Guess you could say Christmas is sneaking up on me this year. Here it is the 3rd and I haven't gotten all my gifts done and wrapped yet. Usually I'm almost 100 percent finished with my shopping, and within days of the tree being up I'd have my stuff wrapped. Not this year. In fact, said tree hasn't even been purchased as yet. There are no Christmas candles scenting the living room. No Ponisetta's with their bright cheery blossoms. No model "Grandma's House" decorated with it's little running lights. Where is my holiday spirit?

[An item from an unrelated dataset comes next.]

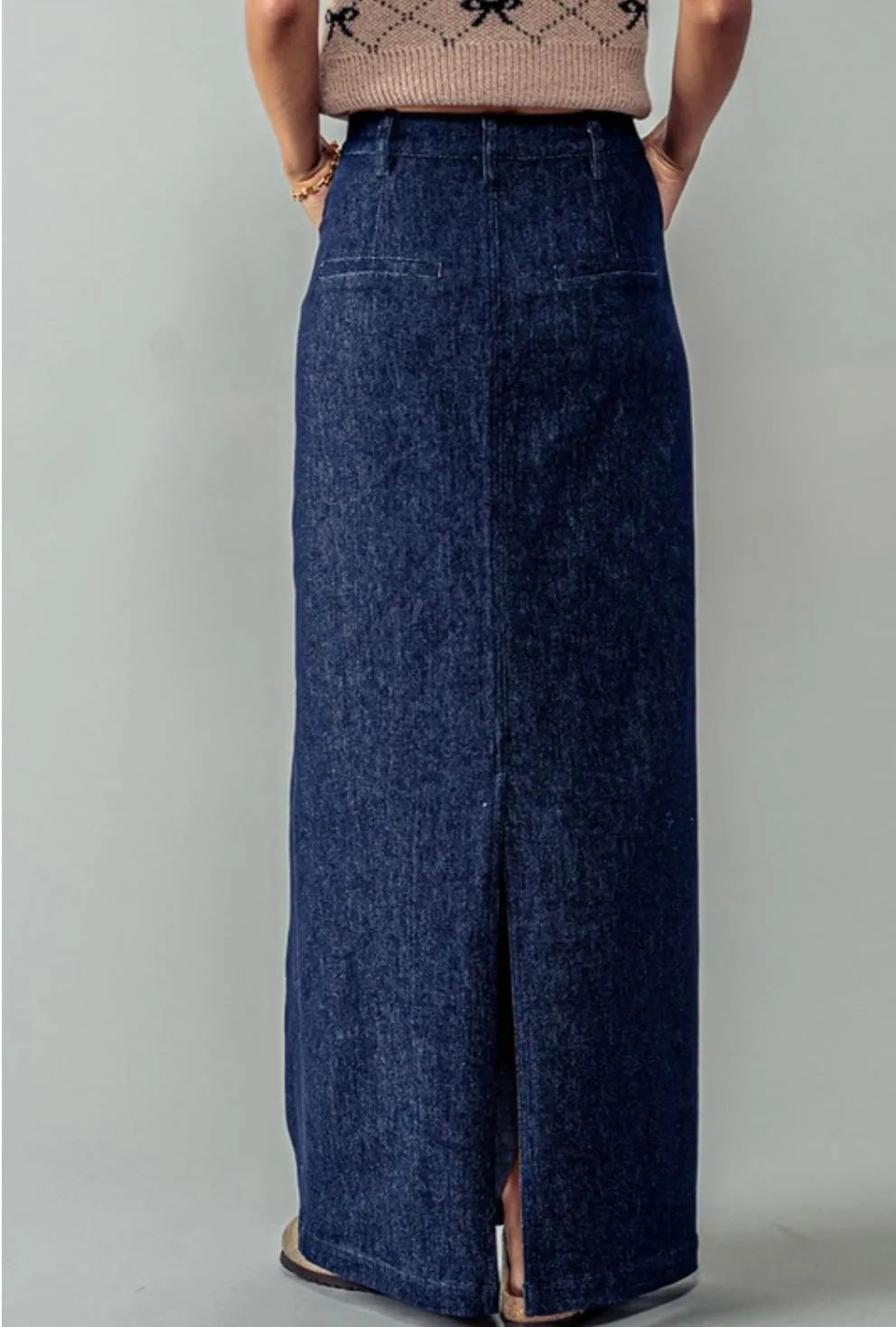 Denim Back Slit Maxi Skirt - New 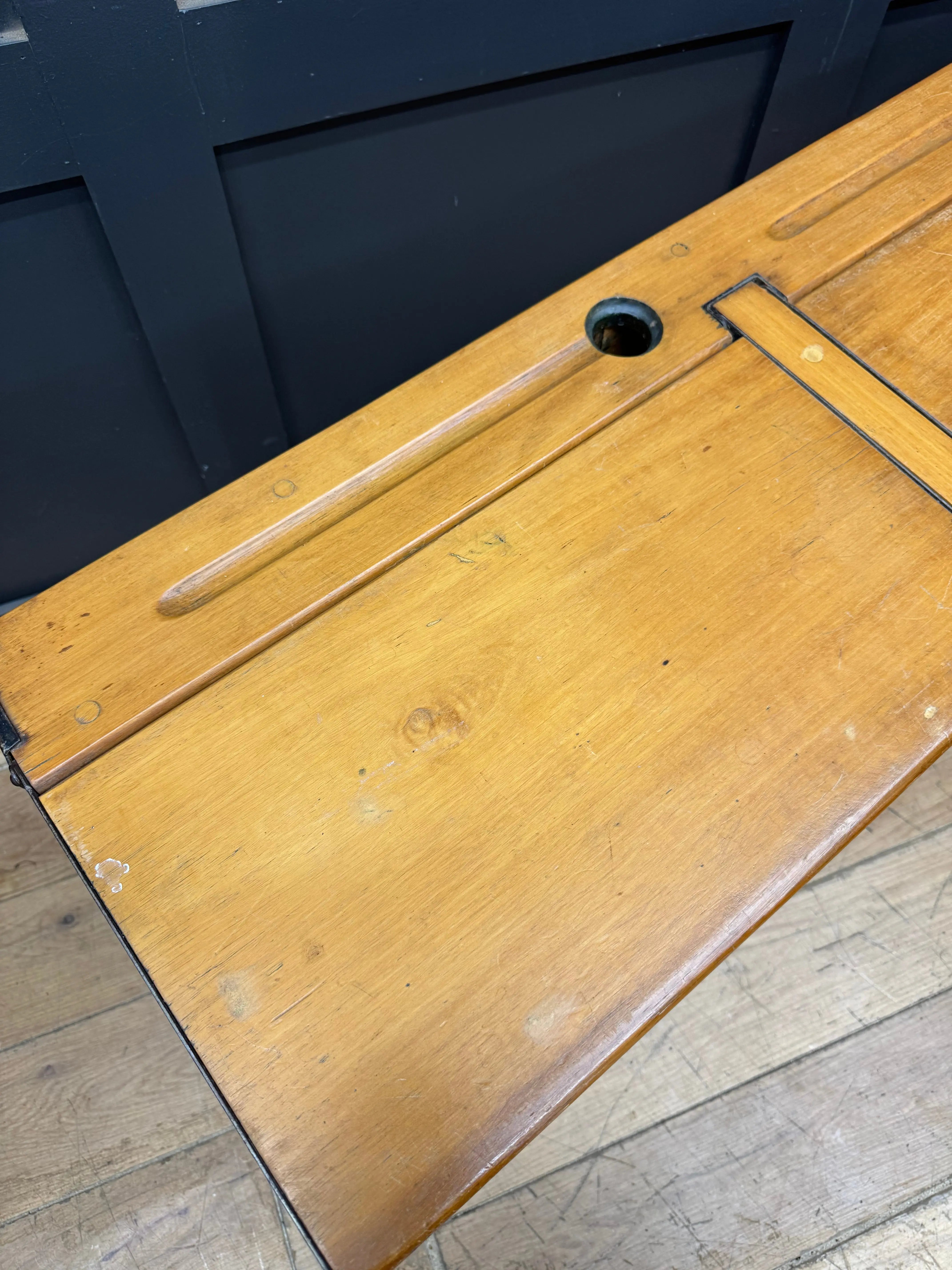 Vintage Double School Desk with Lift-Up Storage | Old Children’s Desk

We had Dave's mom's memorial Sunday. It was sweet, it was sad, now it is over. Time to start getting things ready for Christmas. Dave is depressed. I am depressed. But, I intent to try to pull him out of it by decorating and trying to get our lives back to normal. This will be the first year his son and grandkids are here for the holidays and I want them to be as stress-free and happy as possible. I'd love to get the lights on the outside of the house...not sure if that is practical though, but it might get Dave's mind off the last month. I want to declutter my mind.
Probably won't be shopping much for these holidays, but I want it to be special non-the-less. I want less glitter and more memory. It seems like as I get older the days are flying by so fast. I want some great memories for my kids and grandkids for when we are no longer here to decorate the tree. I want to get closer to God and back to when times were simple. I guess I want to be 5 again.